The auditorium’s grand design includes a 650-seat, proscenium arch theater, a 150-seat black box theater, recital hall, practice room, various music rooms and a costume shop. It will also have a glass-fronted exhibit space for the mural, which will be visible day and night. It’s a popular project with the public, who voted for the building’s existence on three separate occasions.

Yet the building won’t be ready until 2026, according to Toebe, so even with SFMOMA’s extension, that leaves two years that the mural would need to be in storage. While there’s an appropriate storage facility in Oakland available, transporting it across the Bay is out of the question—any movement is extraordinarily dangerous for the mural. “Jiggle plaster of Paris, and it's gone,” said Mueller. 

Moving the mural from City College’s campus to SFMOMA was a delicate process that involved a specialized truck traveling at five miles per hour in the middle of the night on smooth roads. SFMOMA will pay to move the mural once more, but they will not cover a second move or storage for the mural. 

Some question the expense of a new building in light of the school’s massive budget cuts, but its defenders say the money for its construction comes from a different bucket than faculty salaries. “There is a complete firewall between building money and general money to run the school,” Mueller said. 

Others take issue with the idea that the college is pushing what Chancellor David Martin has called a “prestige project” while simultaneously destroying one of the very programs—the Theatre Arts Department—that would occupy the new performing arts center. Miller, whose pink slip was finalized last Friday, is responsible for teaching the entirety of the acting curriculum. 

“The ironic thing is the voters of San Francisco have voted for a new performing arts center for the theater department,” Miller said. “But there will be no performing arts program.” The department will lose two thirds of its courses next year with the loss of one full-time and three part-time positions.

“There’s no one to light, there’s no one to costume, there’s no sets to build. It's a complete disaster,” Miller continued. With Miller’s position eliminated, the acting program will continue, but it will have to be taught by part-time instructors instead, according to Toebe. 

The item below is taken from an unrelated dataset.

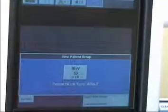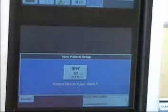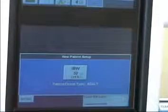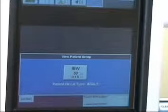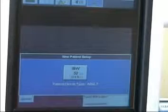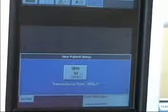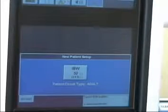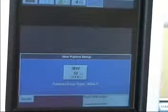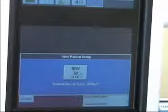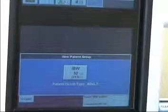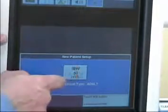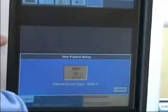It gives us ideal body weight. Remember your formula: 5 foot for men is equal to 105 pounds, plus 6 pounds for every inch over 5 foot. In females, it's 105 pounds for every inch over 5 foot. So let's say our patient is ideal body weight 150, we touch that.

Yet Mueller prefers to separate the imminent threat to the Theatre Arts Department from the long-term scope of the building project. “The public still needs the three stages. It needs it and they're paying for it.” 

With so many uncertainties, the stewardship of the mural looms as an important and unresolved question. “The college needs to create a position and endow it,” said Maynez. “This is a world-class treasure.”